■ ABOUT THIS EXERCISE
Write out the data in full, exactly as shown.

■ Data extracted from a collection
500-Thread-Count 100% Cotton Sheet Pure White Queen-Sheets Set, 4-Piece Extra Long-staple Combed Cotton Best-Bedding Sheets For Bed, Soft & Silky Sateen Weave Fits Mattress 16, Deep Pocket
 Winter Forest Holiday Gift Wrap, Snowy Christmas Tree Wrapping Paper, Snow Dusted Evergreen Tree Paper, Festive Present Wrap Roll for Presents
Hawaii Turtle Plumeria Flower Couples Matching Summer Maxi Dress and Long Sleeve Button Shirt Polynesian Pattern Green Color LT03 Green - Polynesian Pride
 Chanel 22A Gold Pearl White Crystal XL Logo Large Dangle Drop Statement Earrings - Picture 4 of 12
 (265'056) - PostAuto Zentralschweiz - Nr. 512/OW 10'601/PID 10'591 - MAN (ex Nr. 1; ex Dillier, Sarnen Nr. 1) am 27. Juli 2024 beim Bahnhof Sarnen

■ TASK ANSWER
500-Thread-Count 100% Cotton Sheet Pure White Queen-Sheets Set, 4-Piece Extra Long-staple Combed Cotton Best-Bedding Sheets For Bed, Soft & Silky Sateen Weave Fits Mattress 16, Deep Pocket
 Winter Forest Holiday Gift Wrap, Snowy Christmas Tree Wrapping Paper, Snow Dusted Evergreen Tree Paper, Festive Present Wrap Roll for Presents
Hawaii Turtle Plumeria Flower Couples Matching Summer Maxi Dress and Long Sleeve Button Shirt Polynesian Pattern Green Color LT03 Green - Polynesian Pride
 Chanel 22A Gold Pearl White Crystal XL Logo Large Dangle Drop Statement Earrings - Picture 4 of 12
 (265'056) - PostAuto Zentralschweiz - Nr. 512/OW 10'601/PID 10'591 - MAN (ex Nr. 1; ex Dillier, Sarnen Nr. 1) am 27. Juli 2024 beim Bahnhof Sarnen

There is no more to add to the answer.